“Yes. I saw the special edition of the Paris-Midi in his pocket.”

“That’s it, that’s it,” said Lupin. And he asked, “Did M. Prasville give you no special instructions in case Daubrecq should return?”

“No. So, in M. Prasville’s absence, I telephoned to the police-office and I am waiting. The disappearance of Daubrecq the deputy caused a great stir, as you know, and our presence here has a reason, in the eyes of the public, as long as that disappearance continues. But, now that Daubrecq has returned, now that we have proofs that he is neither under restraint nor dead, how can we stay in the house?”

“It doesn’t matter,” said Lupin, absently. “It doesn’t matter whether the house is guarded or not. Daubrecq has been; therefore the crystal stopper is no longer here.”

He had not finished the sentence, when a question quite naturally forced itself upon his mind. If the crystal stopper was no longer there, would this not be obvious from some material sign? Had the removal of that object, doubtless contained within another object, left no trace, no void?

It was easy to ascertain. Lupin had simply to examine the writing-desk, for he knew, from Sébastiani’s chaff, that this was the spot of the hiding-place. And the hiding-place could not be a complicated one, seeing that Daubrecq had not remained in the study for more than twenty seconds, just long enough, so to speak, to walk in and walk out again.

Lupin looked. And the result was immediate. His memory had so faithfully recorded the picture of the desk, with all the articles lying on it, that the absence of one of them struck him instantaneously, as though that article and that alone were the characteristic sign which distinguished this particular writing-table from every other table in the world.

“Oh,” he thought, quivering with delight, “everything fits in! Everything!... Down to that half-word which the torture drew from Daubrecq in the tower at Mortepierre! The riddle is solved. There need be no more hesitation, no more groping in the dark. The end is in sight.”
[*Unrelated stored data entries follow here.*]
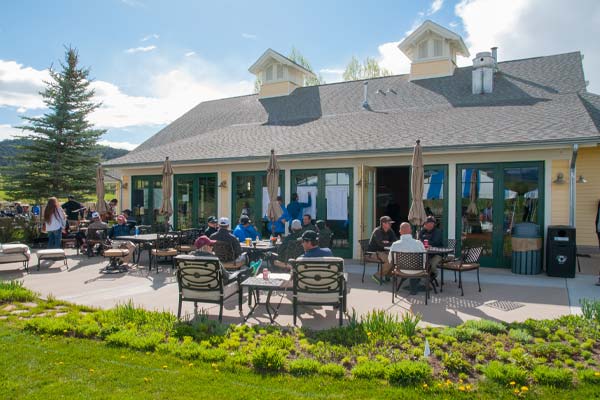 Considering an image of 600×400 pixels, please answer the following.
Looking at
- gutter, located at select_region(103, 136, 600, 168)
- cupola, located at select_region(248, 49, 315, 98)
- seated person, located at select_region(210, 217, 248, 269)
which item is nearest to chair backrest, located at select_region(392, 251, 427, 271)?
seated person, located at select_region(210, 217, 248, 269)

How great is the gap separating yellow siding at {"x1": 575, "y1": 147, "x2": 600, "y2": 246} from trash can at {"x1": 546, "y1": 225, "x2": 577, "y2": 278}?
444 cm

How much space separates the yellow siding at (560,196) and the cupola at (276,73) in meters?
12.4

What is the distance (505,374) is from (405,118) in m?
10.4

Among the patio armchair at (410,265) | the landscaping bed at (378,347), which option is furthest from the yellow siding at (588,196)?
the patio armchair at (410,265)

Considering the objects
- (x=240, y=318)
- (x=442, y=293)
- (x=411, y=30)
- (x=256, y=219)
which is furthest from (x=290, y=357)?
(x=411, y=30)

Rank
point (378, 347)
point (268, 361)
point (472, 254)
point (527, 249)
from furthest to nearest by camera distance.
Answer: point (527, 249) → point (472, 254) → point (378, 347) → point (268, 361)

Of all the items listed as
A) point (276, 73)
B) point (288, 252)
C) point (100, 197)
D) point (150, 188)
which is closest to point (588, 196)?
point (288, 252)

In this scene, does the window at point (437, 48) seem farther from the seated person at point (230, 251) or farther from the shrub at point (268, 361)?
the shrub at point (268, 361)

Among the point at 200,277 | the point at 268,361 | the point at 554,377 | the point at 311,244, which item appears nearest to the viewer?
the point at 554,377

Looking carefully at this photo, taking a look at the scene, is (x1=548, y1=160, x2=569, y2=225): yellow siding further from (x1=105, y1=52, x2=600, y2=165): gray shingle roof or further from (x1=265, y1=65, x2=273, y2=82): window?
(x1=265, y1=65, x2=273, y2=82): window

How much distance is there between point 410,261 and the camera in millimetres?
7062

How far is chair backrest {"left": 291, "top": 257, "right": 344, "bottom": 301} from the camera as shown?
18.4ft

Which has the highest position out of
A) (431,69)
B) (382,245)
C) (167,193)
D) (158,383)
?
(431,69)

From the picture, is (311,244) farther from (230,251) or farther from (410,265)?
(230,251)
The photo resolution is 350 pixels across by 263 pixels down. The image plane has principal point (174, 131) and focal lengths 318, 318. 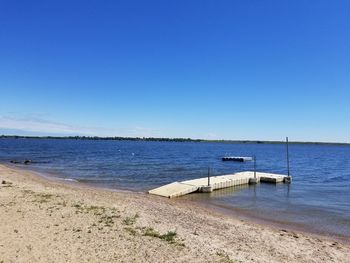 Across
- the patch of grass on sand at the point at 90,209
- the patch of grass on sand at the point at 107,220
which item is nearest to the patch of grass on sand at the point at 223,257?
the patch of grass on sand at the point at 107,220

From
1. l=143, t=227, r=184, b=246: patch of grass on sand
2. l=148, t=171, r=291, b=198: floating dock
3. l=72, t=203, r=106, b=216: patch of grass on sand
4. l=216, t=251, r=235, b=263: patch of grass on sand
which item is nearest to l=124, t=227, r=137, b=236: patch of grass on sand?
l=143, t=227, r=184, b=246: patch of grass on sand

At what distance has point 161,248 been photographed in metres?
10.1

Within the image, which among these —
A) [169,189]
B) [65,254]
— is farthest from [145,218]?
[169,189]

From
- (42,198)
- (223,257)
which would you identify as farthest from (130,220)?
(42,198)

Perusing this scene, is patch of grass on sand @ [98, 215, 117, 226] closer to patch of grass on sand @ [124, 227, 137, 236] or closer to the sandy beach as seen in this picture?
the sandy beach

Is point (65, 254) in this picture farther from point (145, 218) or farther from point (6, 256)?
point (145, 218)

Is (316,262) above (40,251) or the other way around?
the other way around

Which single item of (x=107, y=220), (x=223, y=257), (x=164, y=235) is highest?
(x=107, y=220)

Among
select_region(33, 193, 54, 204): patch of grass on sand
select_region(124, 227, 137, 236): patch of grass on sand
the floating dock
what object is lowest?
the floating dock

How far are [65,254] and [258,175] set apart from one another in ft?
103

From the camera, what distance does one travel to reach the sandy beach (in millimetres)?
9375

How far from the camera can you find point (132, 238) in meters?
11.0

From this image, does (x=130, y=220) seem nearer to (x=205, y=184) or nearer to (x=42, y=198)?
(x=42, y=198)

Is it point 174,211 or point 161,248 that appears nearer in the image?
point 161,248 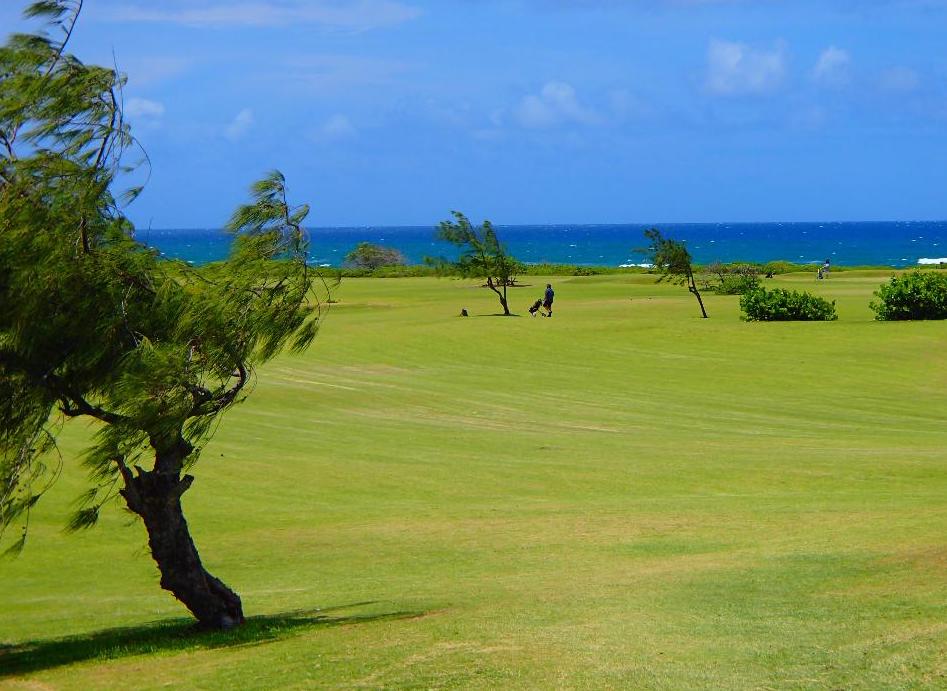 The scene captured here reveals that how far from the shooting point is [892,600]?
1342cm

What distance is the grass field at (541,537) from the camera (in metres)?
12.3

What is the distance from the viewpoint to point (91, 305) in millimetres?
14195

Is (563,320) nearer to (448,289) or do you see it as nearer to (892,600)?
(448,289)

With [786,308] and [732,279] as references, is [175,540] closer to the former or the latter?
[786,308]

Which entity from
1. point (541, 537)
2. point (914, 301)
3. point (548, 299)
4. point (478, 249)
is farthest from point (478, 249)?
point (541, 537)

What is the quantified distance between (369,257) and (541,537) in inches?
4565

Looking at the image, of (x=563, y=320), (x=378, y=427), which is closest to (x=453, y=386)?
(x=378, y=427)

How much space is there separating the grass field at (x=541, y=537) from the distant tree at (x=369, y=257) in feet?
265

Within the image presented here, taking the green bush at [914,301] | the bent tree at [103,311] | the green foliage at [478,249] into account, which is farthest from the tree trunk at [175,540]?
the green foliage at [478,249]

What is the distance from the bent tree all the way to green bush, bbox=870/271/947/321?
1952 inches

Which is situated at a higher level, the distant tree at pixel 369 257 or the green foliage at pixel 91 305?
the distant tree at pixel 369 257

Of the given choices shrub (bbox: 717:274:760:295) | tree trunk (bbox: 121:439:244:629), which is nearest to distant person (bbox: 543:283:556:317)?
shrub (bbox: 717:274:760:295)

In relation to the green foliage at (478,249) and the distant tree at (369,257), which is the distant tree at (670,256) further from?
the distant tree at (369,257)

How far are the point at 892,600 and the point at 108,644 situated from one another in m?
9.21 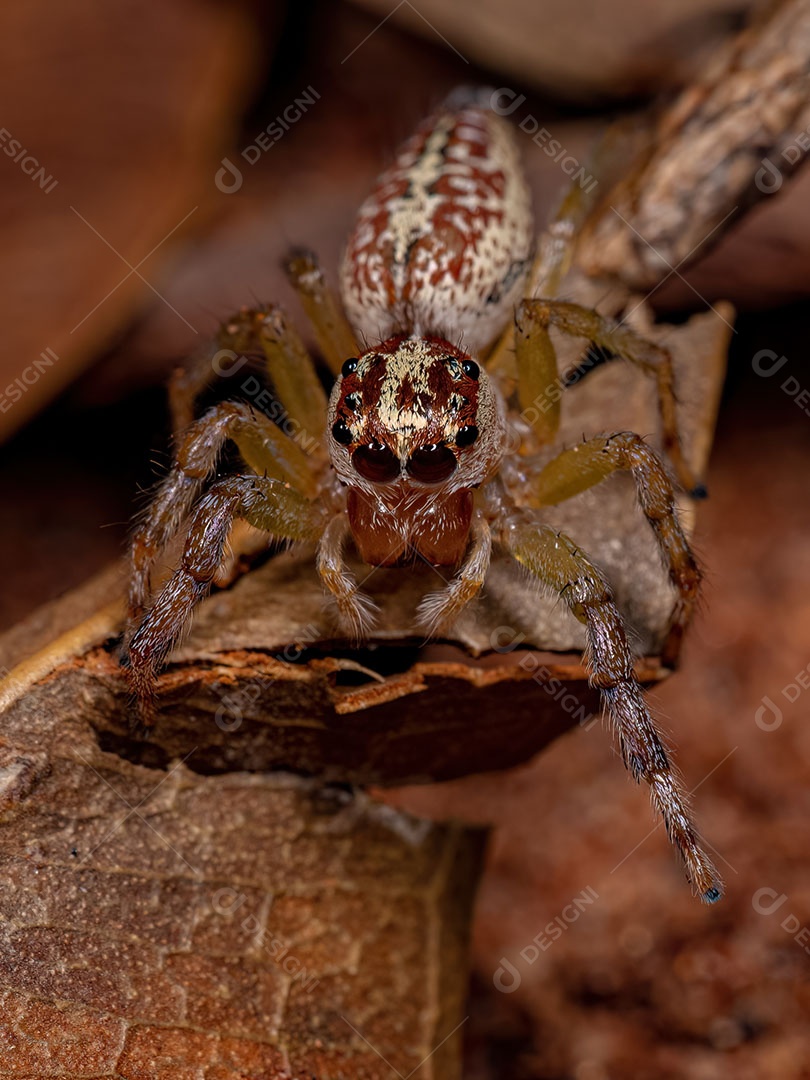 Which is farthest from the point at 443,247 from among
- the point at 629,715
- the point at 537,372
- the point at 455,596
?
the point at 629,715

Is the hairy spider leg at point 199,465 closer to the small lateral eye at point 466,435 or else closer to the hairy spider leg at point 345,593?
the hairy spider leg at point 345,593

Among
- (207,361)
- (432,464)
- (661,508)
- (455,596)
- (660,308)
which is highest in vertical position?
(207,361)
And, without answering the inspector’s questions, he thought of the simplicity of the hiding-place and remembered Edgar Allan Poe’s wonderful story in which the stolen letter, so eagerly sought for, is, in a manner of speaking, displayed to all eyes. People do not suspect what does not appear to be hidden.

“Well, well,” said Lupin, as he went out, greatly excited by his discovery, “I seem doomed, in this confounded adventure, to knock up against disappointments to the finish. Everything that I build crumbles to pieces at once. Every victory ends in disaster.”